However, the inferences of those who study the effectiveness of interactive teams in organizations (e.g., Malhotra & Majchrzak, 2005) differ from the most common conclusions of those who have studied interactive groups in controlled experiments (e.g., Kerr & Murthy, 2004; Paulus, Putman, Dugosh, Dzindolet, & Coskun, 2011; Pinsonneault, Barki, Gallupe, & Hopper, 1999; Strobe & Diehl, 1994). Reports from both contextualized implementation and controlled studies contribute to our understanding of process and efficacy of interactive groups and teams as decision-making units. Reconciling these differences is consequently important to the continuing use of groups and teams as decision-making units. In the exposition to follow, inferences from both these sources is assessed to further a more comprehensive conceptual account and its testing and contribute to the design of effective decision-making groups and teams.
Information Exchange in Decision Making
The perspective of the exposition is one in which microprocessing in decision making of interactive groups and teams is conceptualized in terms of information exchange. The quality of a group or team decision will be considered in terms of the amount and type of information that is exchanged and its sequencing. While understanding microprocessing is fundamental in assessing interactive decision making, recognizing social processes in agent interaction within groups or teams increase the complexity of accomplishing this. Team members as individual agents clearly have internalized personal objectives. However, when agents become team members, they in some part assume the objectives of the team. At the least, this requires an integration of agent objectives with those of the aggregate.
In considering processing in information exchange in interactive groups and teams, structure in the unit is introduced as an organizer of the content and source of information that is exchanged.
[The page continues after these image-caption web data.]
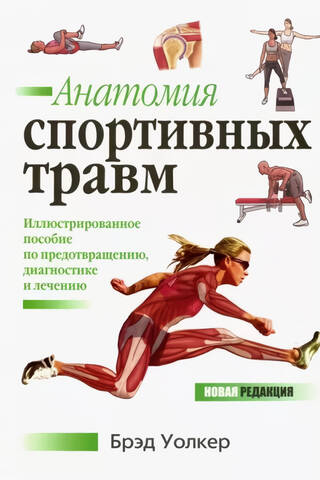 Анатомия спортивных травм
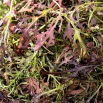 Musztardowiec Red Frills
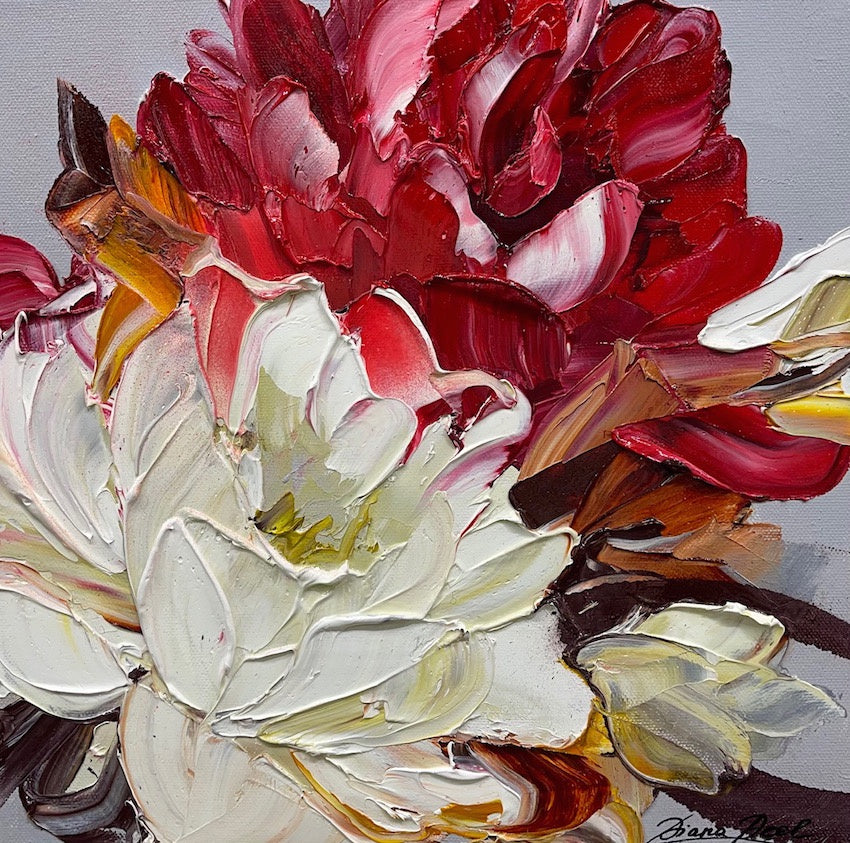 Splendid Mini Series 1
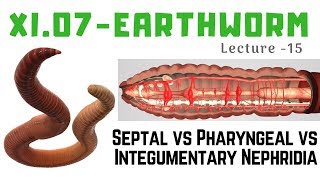 NEET  Earthworm 15  Septal vs Phayngeal vs Integumentary Nephridia [upl. by Fasa659]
Group or team structure is defined here in terms of the distribution of member status in the unit.
Social Structure in Decision-Making Groups and Teams
As well recognized, a status organization is generally emergent in interactive groups and teams (Berger, Fisek, Norman, & Zelditch, 1977; Berger, Rosenholtz, & Zelditch, 1980; Berger & Webster, 2006). The basis to expect structure to have pervasive effects on the amount, type, and distribution of information inputs across team members is elaborated.
A range of background studies indicate the stability and performance consequences of social structure (e.g., Parise & Rollag, 2010; Sperber & Hirschfeld, 2004). Elucidating how the social structure of groups and teams can affect the organization of information exchange and, consequently, the quality of decisions will be a principal objective of this exposition. Appropriate attention will be given to technology enabled methods to manage in social groups and team structure and information exchange toward quality objectives in decision making.
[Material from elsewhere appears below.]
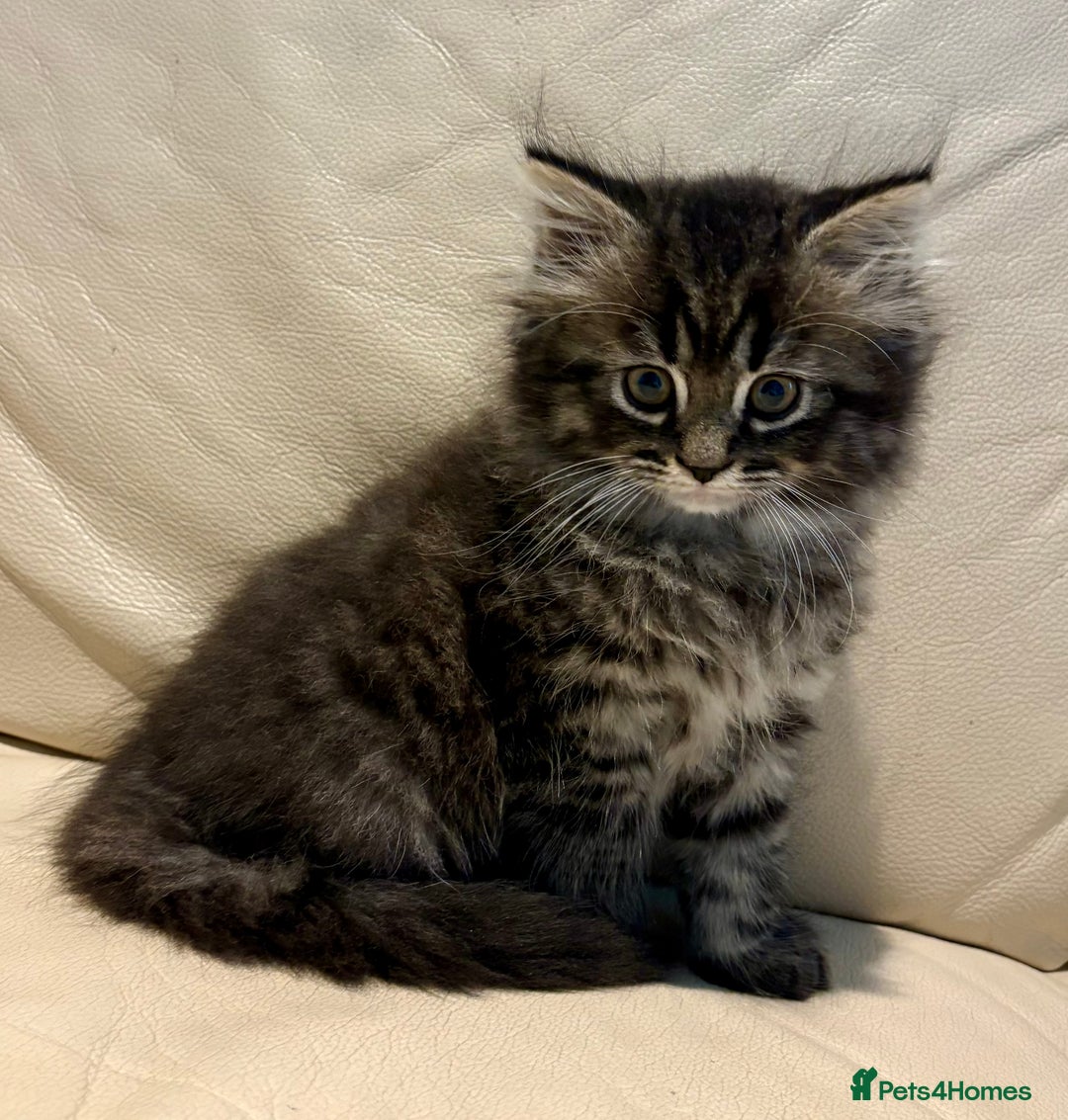 Mixed Breed cats for sale: Persian and British shorthair kittens for sale - Image 5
In the rest of this chapter, I introduce major contentions of the conceptual framework and provide brief overviews of the chapters that make up the discourse on decision making by groups and teams. In the next chapter, I elaborate on the history and background of fundamental processes in the interactive groups and teams with task-directed objectives. This includes the basis for linking the amount and type of information that members exchange to both decision quality and social structure in decision-making units.
Pervasiveness of Group Processes across Decision-Making Contexts: R&D Teams and Juries
The importance of social structure has now been indicated in a diversity of contexts that include juries and R&D teams. Teams in both of these applications are assumed to be most effective when they are putatively objective and egalitarian. There is now considerable evidence of the basis that social structure introduces in both these applications of interactive groups and teams. For example, Cohen and Zhou (1991) examined the effects of team, organizational, and external (societal) status characteristics on interaction patterns of established work teams. Both status characteristics that are external to the team and status characteristics within the team were shown to influence team interaction.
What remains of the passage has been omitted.